Predictive modelling and artificial intelligence
Lead investigators
Mark Walker
Senior Clinician Scientist, Acute Care Research
Steven Hawken
Senior Scientist, Methodological and Implementation ResearchArtificial intelligence is increasingly being used to predict health outcomes from large, complex datasets. Machine learning, a branch of AI, and deep learning, a particularly powerful type of machine learning modeled loosely on the human brain, are especially well-suited to this task: these models can be continuously refined as new data becomes available, making them valuable tools for supporting medical diagnostics and clinical decision-making. Ontario's extensive health information systems offer a unique opportunity to develop, test, and validate these prediction algorithms in maternal, newborn, and child health.
This research program applies machine learning to clinical and administrative datasets to build prediction models that identify populations at high risk of adverse obstetrical, infant, and child health outcomes, as well as those most likely to benefit from specialized care, pharmacological treatment, or surgical intervention.

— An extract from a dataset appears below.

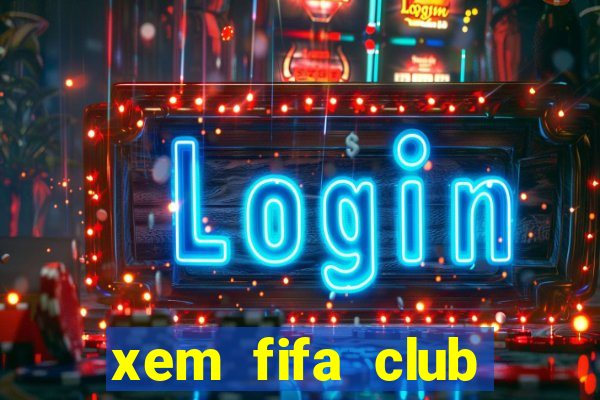 xem fifa club world cup ở đâu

A particular focus of our work is the use of deep learning models to analyze obstetrical imaging, enabling earlier identification of fetal anomalies and maternal complications. Together, these findings will help identify gaps in care, direct treatments and interventions to those who stand to benefit most, and ultimately improve outcomes for mothers and children.
A related focus of our research program is the use of large language models (LLMs), a type of deep learning model trained on vast amounts of text to understand and generate human-like language and reasoning. To ensure their outputs are accurate and grounded in reliable clinical evidence, we pair LLMs with retrieval-augmented generation (RAG), a technique that allows the model to reference trusted external sources, such as clinical guidelines or peer-reviewed literature, in real time, rather than relying solely on information learned during training. Using this combined approach, our team is developing patient-facing educational materials, evaluating the quality of medical information, and exploring clinical diagnostic, quality and safety support tools, with the goal of making accurate, evidence-based information more accessible to both patients and clinicians.